Lenten Devotional – Wed, Mar 10: RIGHTEOUSNESS

Righteousness is certainly a Biblical word! As we wondered a few days ago, what does it mean? In contemporary times, it has a negative connotation. It comes across as someone who is high-and-mighty, better-than-others, judgmental with lots of critiques of others and no self-awareness.

Try this phrase: being in a healthy, ethical, justice-oriented, sustainable relationship. That’s easier to define, isn’t it? At least with some perspective and — again — some self-awareness.

We’ve all been in unhealthy relationships. Sometimes they’re with people. Sometimes, as addicts or families of addicts know, the relationships are with destructive habits versus with people. Any blessing that includes hungers and thirsts is almost certainly addressing our human desires and appetites, and the ways they’re out of balance, or the ways they can become healthy disciplines.

Thankfully, the Beatitude isn’t offered to those who already exemplify righteousness: a right relationship with self, others, and Godself. Who meets that criteria? Living saints? Long ago prophets?

Instead, Christ’s blessing is given to those who desire such a sustainable relationship with Godself. It’s aimed at those who want it, and know they are falling short of it. Can you see yourself in this description?

Christ’s blessing is shared with those who are longing and reaching, and find themselves — as all of us are — to be imperfect in this hungering and thirsting. Yet ultimately, our passions are moving in the direction of sacredness and holiness. We’re being called toward wholeness, healing. and relationship.

Along the way, we’re both acknowledging the call and hearing a promise that our appetites will be fulfilled. And if we’re not completely connected yet to a righteous way, we’re walking that Way. We’re choosing ethical options. We’re seeking right relationships within ourselves and with other people as well as God.

Again, these holistic and sustainable connections are responses which will satisfy our appetites for righteousness. Although human connections are imperfect, embedded and misshapen by systemic and social inequities and oppressions, our inner nature pushes us to see the hurts and wrongs. Our desire for righteousness supports the hard work of challenging and changing what is broken in our communities.

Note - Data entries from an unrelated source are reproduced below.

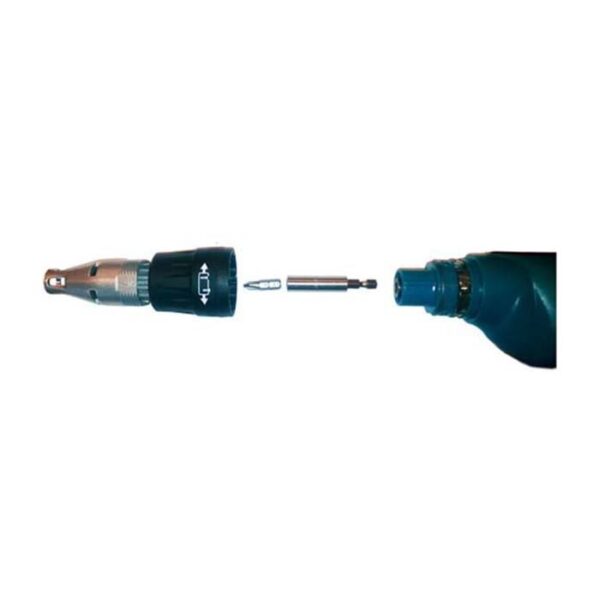 پیچ گوشتی درایوال ماکیتا مدل FS4300 - Image 5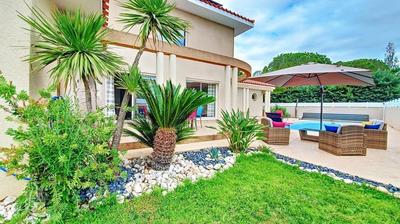 Maison - 188 m² - 5 pièces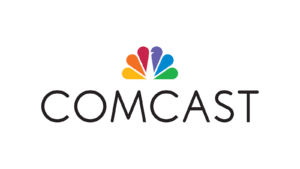 Comcast logo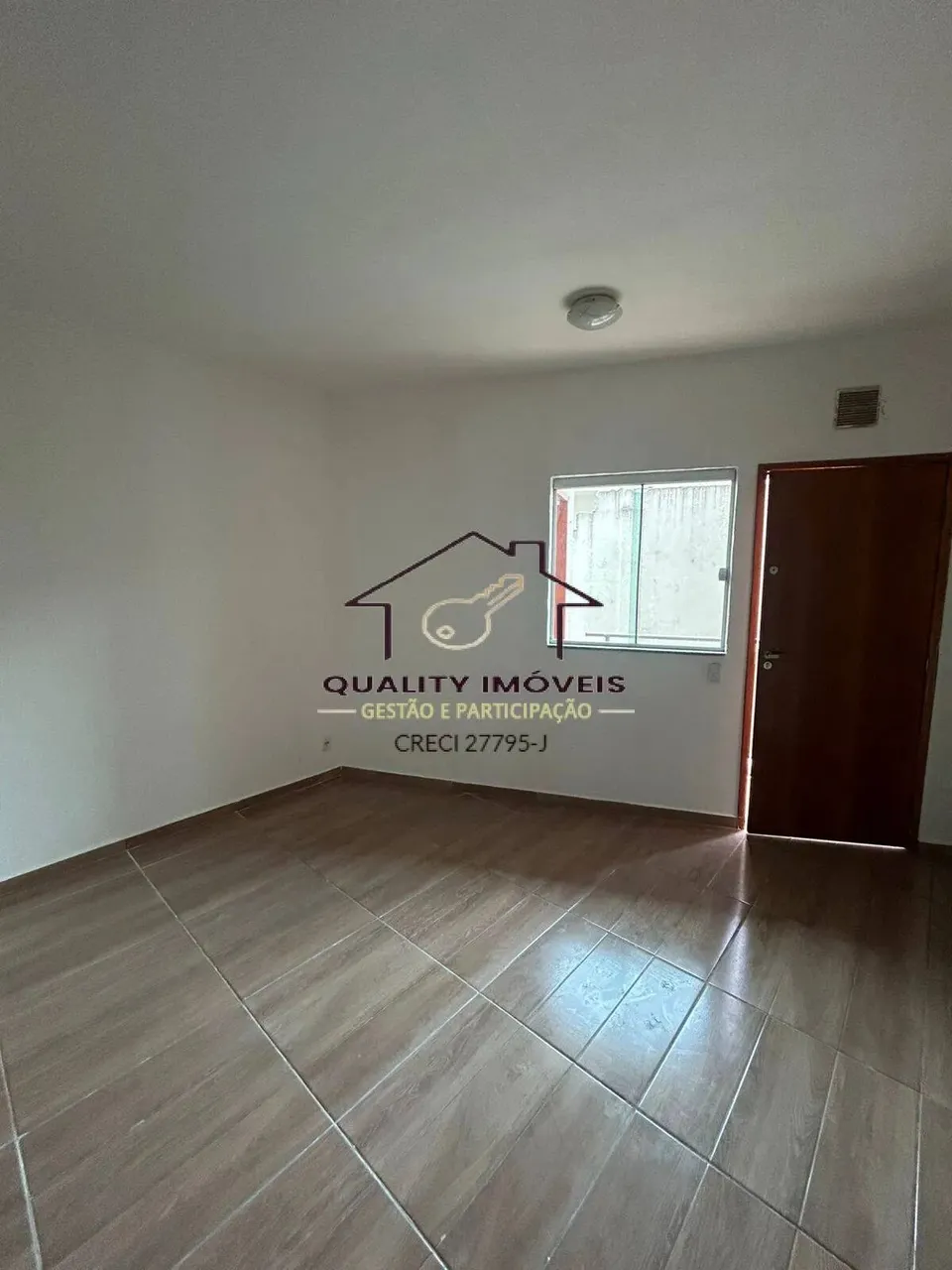Vila Formosa: Apartamento 1 Quarto com Vaga de Garagem
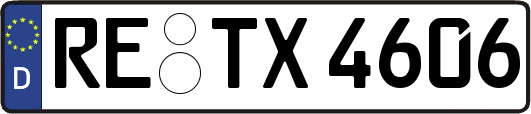 RE-TX4606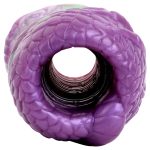 Hollow Tunnel Butt Plug & Pocket Stroker - Fish Mouth - Image 8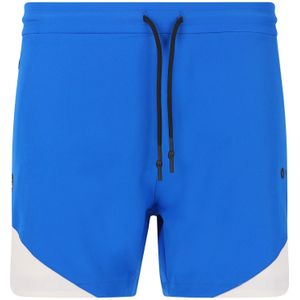 Virtus - Cody - Korte Broek - Neutraal - Slim Fit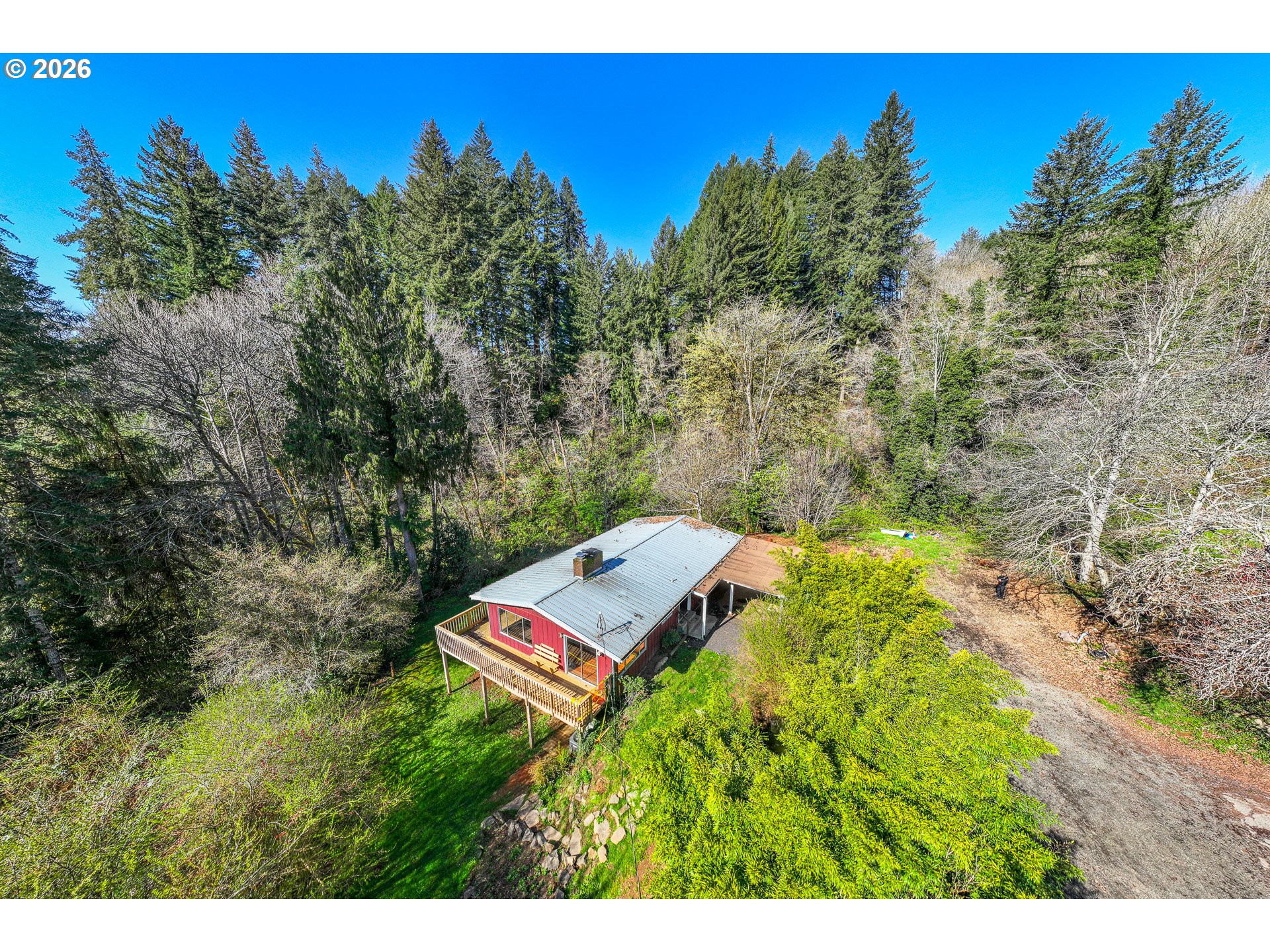 11736 Orchard Avenue Mapleton, OR 97453 - Photo 42 of 42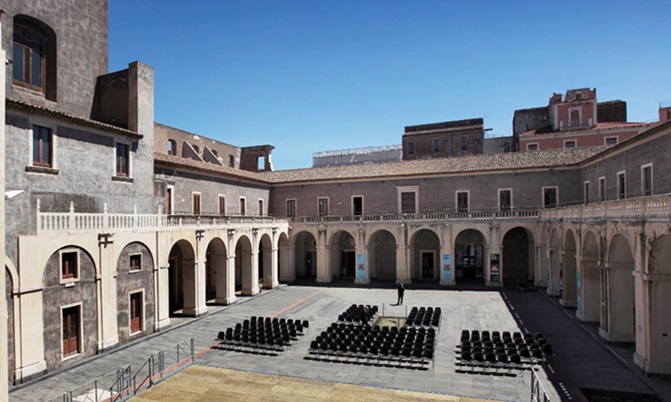 Catania, 28 ottobre: conferenza su prevenzione della violenza contro le donne e tra i giovani - 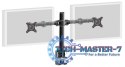 Uchwyt DS1002C-B1 (10 - 30")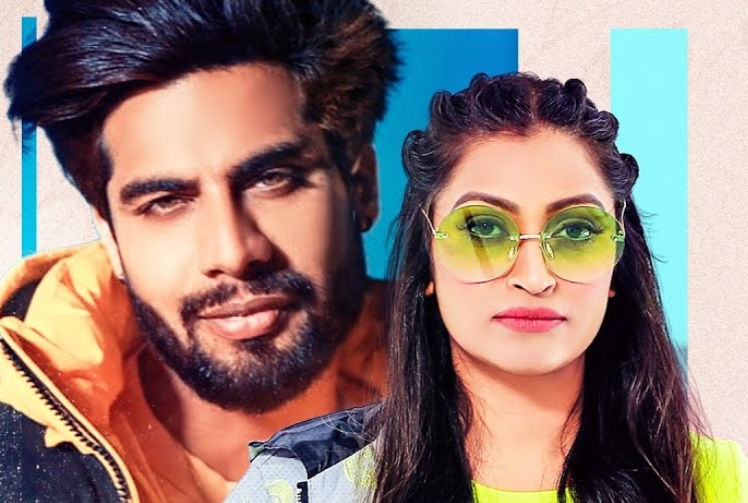 Laare Lyrics - Naaz Aulakh, Singga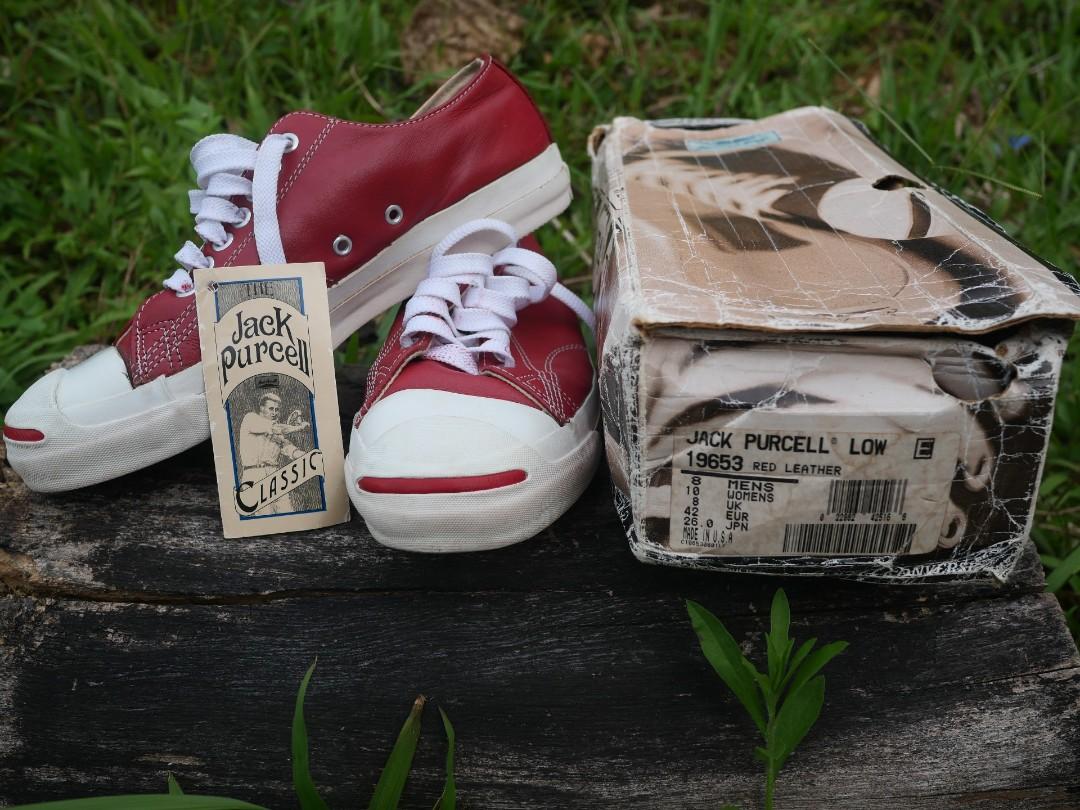 Converse jack purcell 42 2025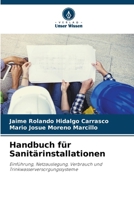 Handbuch für Sanitärinstallationen (German Edition) 6202334339 Book Cover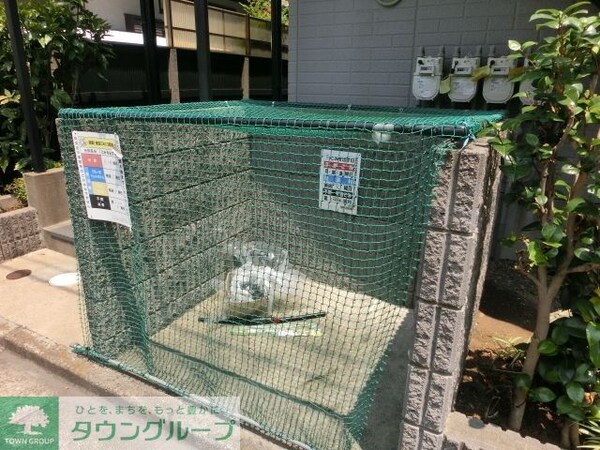 共有部分(現地待ち合わせ歓迎♪お問合せはタウンハウジング千葉店まで！)
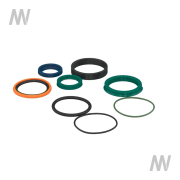 Dichtsatz 50/25 z. Hy.Zyl. 166 - More 1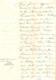 Vieux Papier Du Béarn, 1858, Castet En Ossau, Vente Des Biens De Mirande, Liste Des Acheteurs, Collocation Candau-Milaa - Historische Dokumente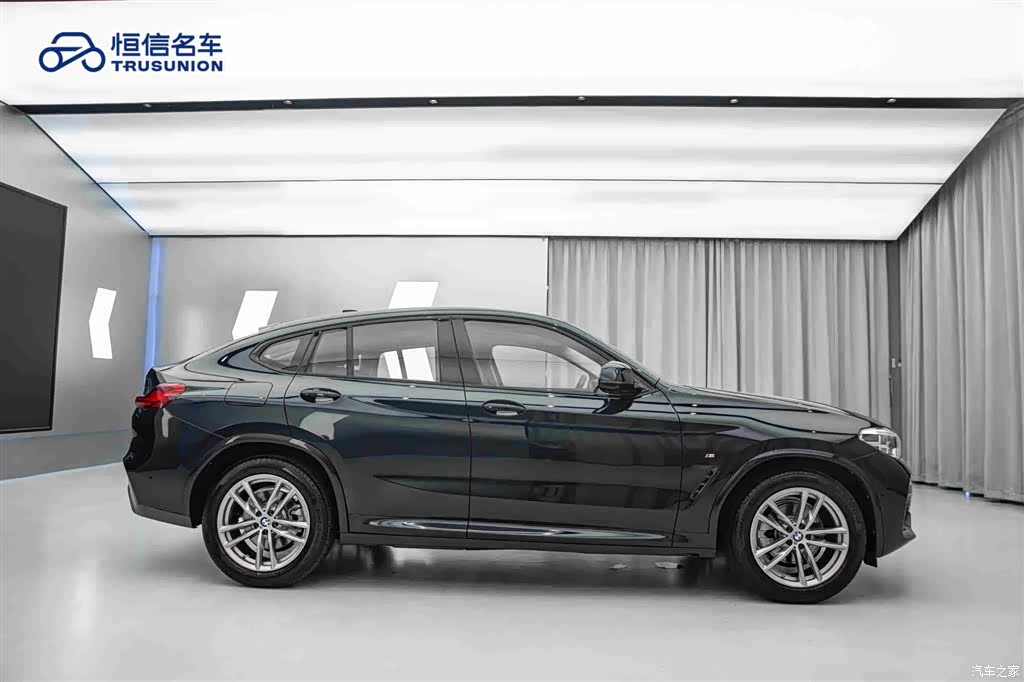 BMW X4, 2021 4
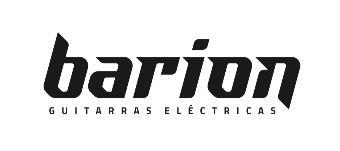 BARION GUITARRAS ELÉCTRICAS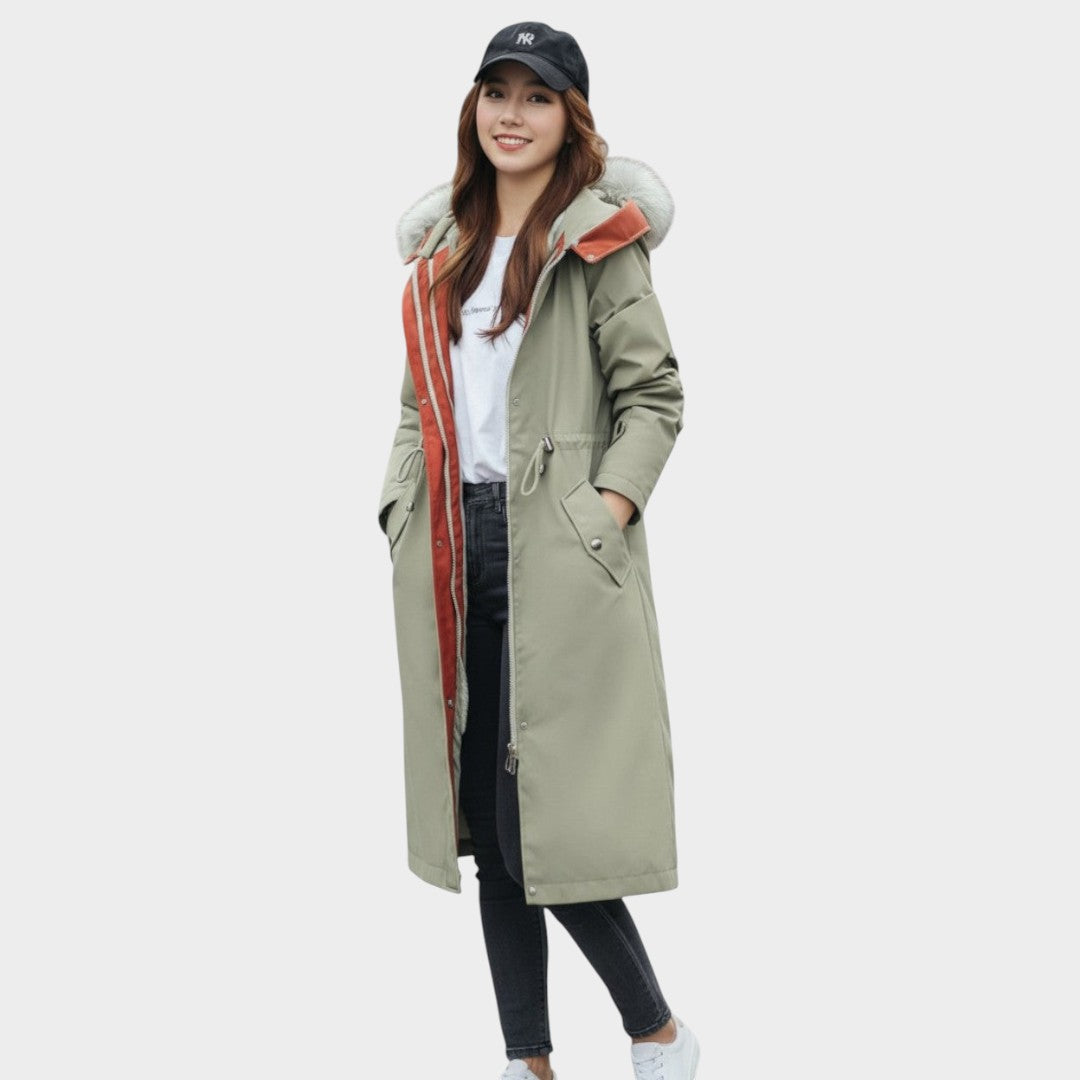 Maria™ | Chaqueta de otoño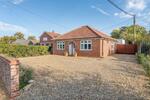 New Road, Hethersett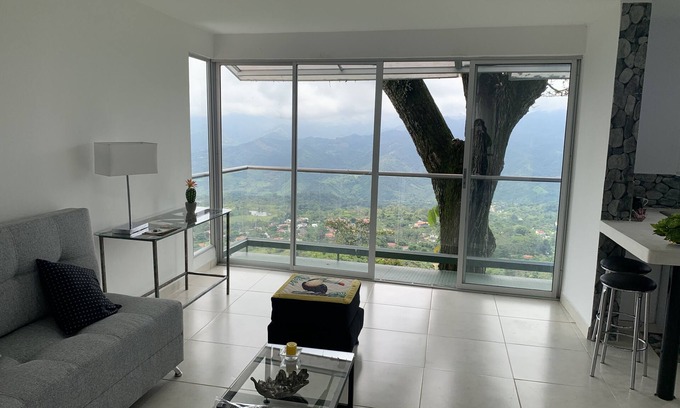 La Mesa Apartment | Apartamento Infinito La Mesa Colombia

We haven’t got it all figured out. That’s why we need Christ’s blessing. Yet we care enough to try. We hunger enough to reach. We thirst enough to strive. We are motivated, and God meets us in our yearning. We aren’t asked to do this alone.  — Rev Gail

There are only two kinds of men: the righteous who think they are sinners and the sinners who think they are righteous. — Blaise Pascal

When you’re righteous, you don’t have to tell people that you’re righteous. — Shaquille O’Neal

Most of us have to be self-righteous before we can be righteous. — Vera Brittain

Challenge or Question: With whom do you need to heal or balance a relationship? Perhaps write that person a letter — one that you do not mail — like a page in a journal. Simply use this assignment to process the issues inside the relationship and learn what might come next in terms of reconciliation or resolution.